CHE LE COSE STIANO COSÌ e che questo sia stato il messaggio consegnato a Mattarella da Draghi è suggerito anche da un’altra notizia circolata ieri, pur se ovviamente non confermata. Quello di mercoledì non sarebbe infatti il primo incontro “discreto” fra Draghi e Mattarella. Il presidente della Bce sarebbe volato a Roma già a fine agosto, quando nel corso del braccio di ferro sulla nave Diciotti Di Maio aveva minacciato di interrompere il pagamento dei contributi italiani alla Ue. In quell’occasione Germania e Paesi nordici insistevano per una reazione durissima ove l’Italia avesse dato corso alla minaccia: sospendere il Quantitative Easing per i titoli italiani. Poi la tensione si stemperò in pochi giorni ma la logica era identica: chi non accetta le regole dell’Europa non può poi sperare nell’aiuto dell’Europa.

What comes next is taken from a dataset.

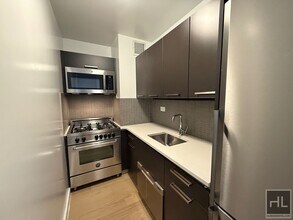 East 39th Street in New York, NY - Building Photo - Building Photo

CERTO, PERCHÉ QUESTO scenario apocalittico si prospetti davvero è necessario che l’Italia del salvataggio abbia bisogno. Deve cioè determinarsi una crisi sui mercati che al momento non c’è. La sfiducia nelle prospettive di crescita ipotizzate dal governo è palese e lo spread è salito a 285 punti. Ma non si tratta ancora di una situazione fuori di controllo. Quanto alla Ue, è molto difficile che una commissione in scadenza opti per la soluzione drastica e mai verificatasi prima del rinvio della legge. Dovrebbe invece procedere, come d’uso, con la richiesta di modifiche, poi, eventualmente, con l’avvio della procedura d’infrazione. Il detonatore dunque è altrove: nel verdetto delle agenzie di rating, prima S&P poi Moody’s, entrambe nell’ultima settimana di ottobre. Il rischio che entrambe decidano il downgrad c’è. A quel punto la situazione sui mercati potrebbe incendiarsi davvero.